_Exercise goal:_ Word for word, copy the records and drop the pictures.

_Supplied data:_
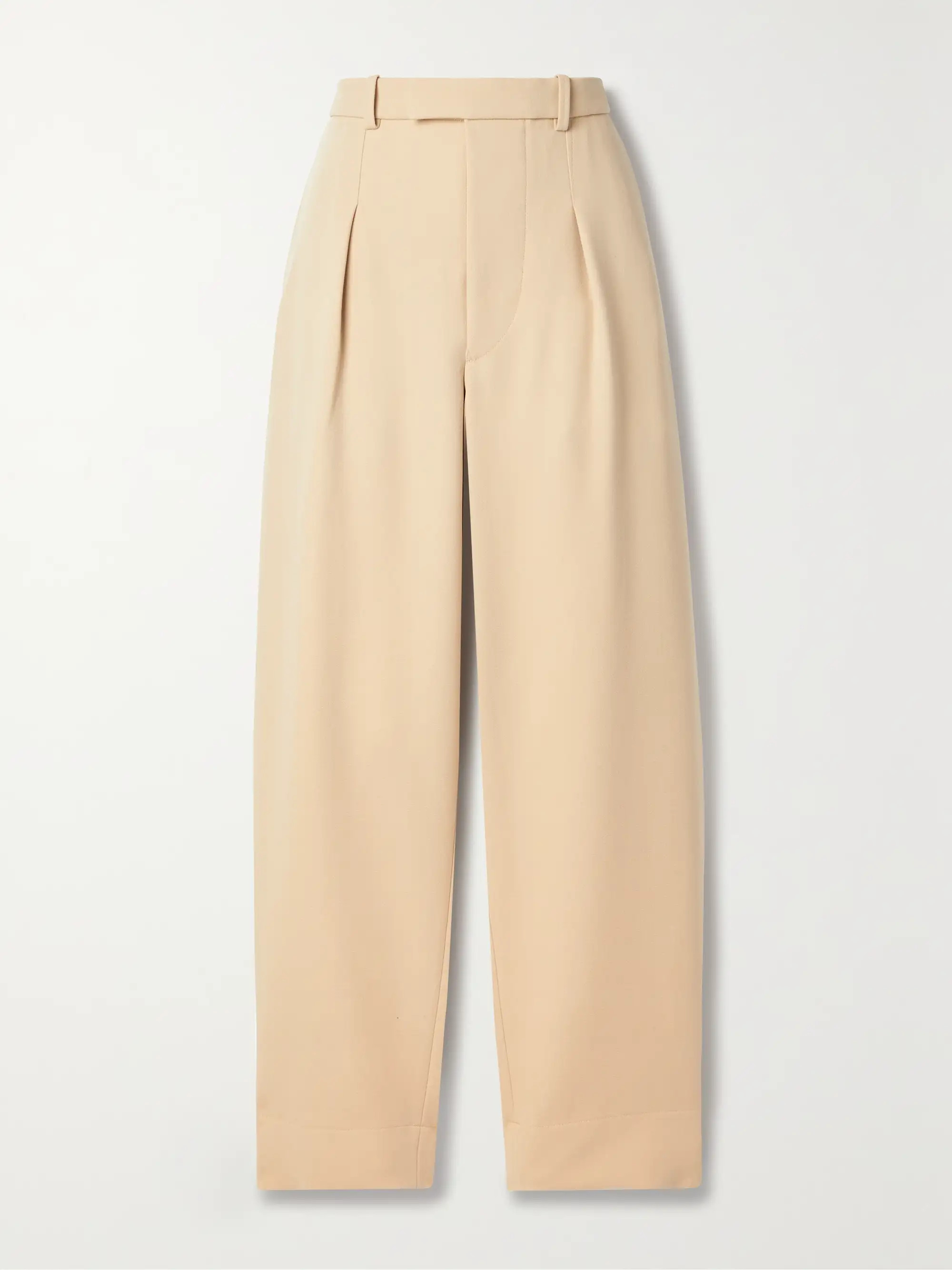 + Hailey Bieber pleated wool wide-leg pants | NET-A-PORTER (US)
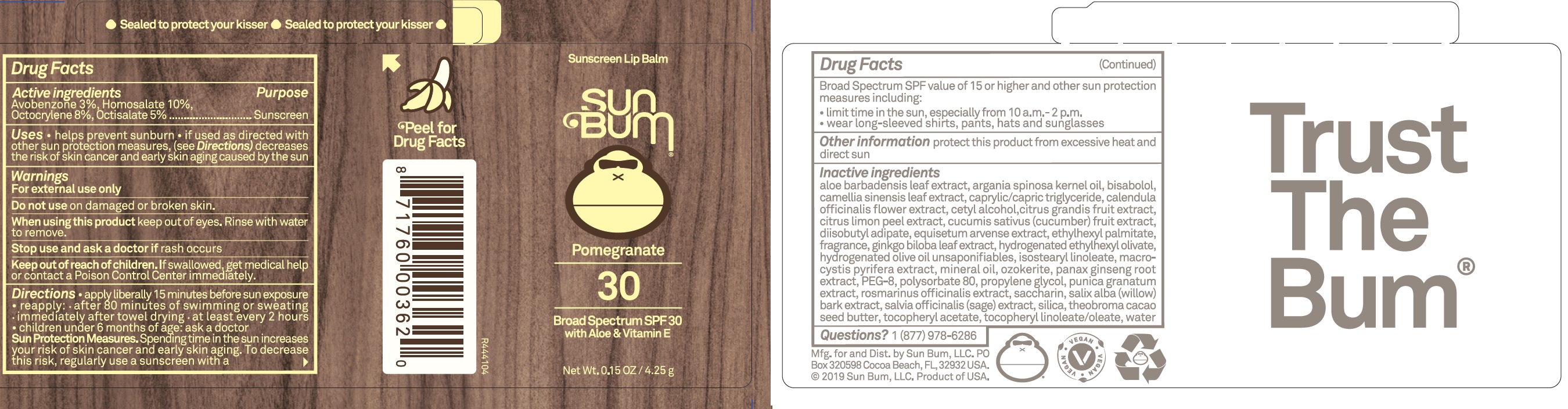 Pill image for Sun Bum Sunscreen Lip Balm Broad Spectrum Spf 30 Pomegranate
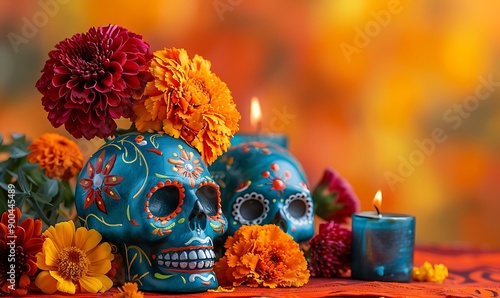 A vibrant and cultural Dia de los Muertos scene featuring sugar skulls, marigold flowers, and candles against a bright orange background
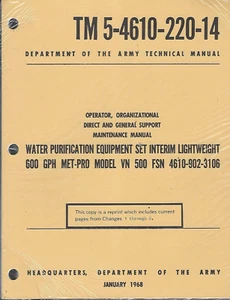 Historical book Water Purification Equip Set, 600 GPH, Model VN 500, Maintenance - Picture 1 of 1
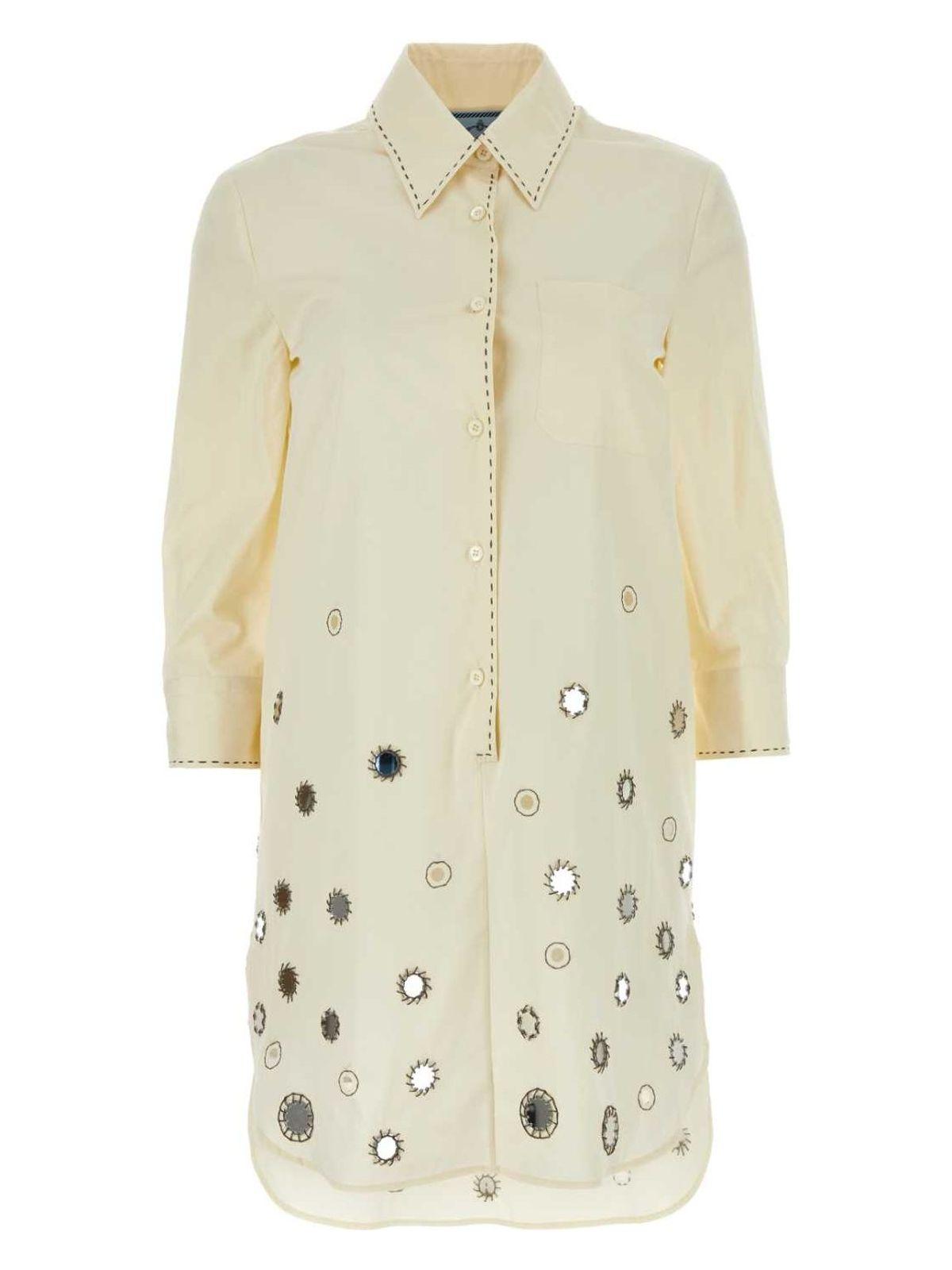 Prada Women's Sand Cotton Shirt Dress in Beige O Tan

_Result for this task:_
 + Hailey Bieber pleated wool wide-leg pants | NET-A-PORTER (US)
 Pill image for Sun Bum Sunscreen Lip Balm Broad Spectrum Spf 30 Pomegranate
 A vibrant and cultural Dia de los Muertos scene featuring sugar skulls, marigold flowers, and candles against a bright orange background
 Historical book Water Purification Equip Set, 600 GPH, Model VN 500, Maintenance - Picture 1 of 1
 Prada Women's Sand Cotton Shirt Dress in Beige O Tan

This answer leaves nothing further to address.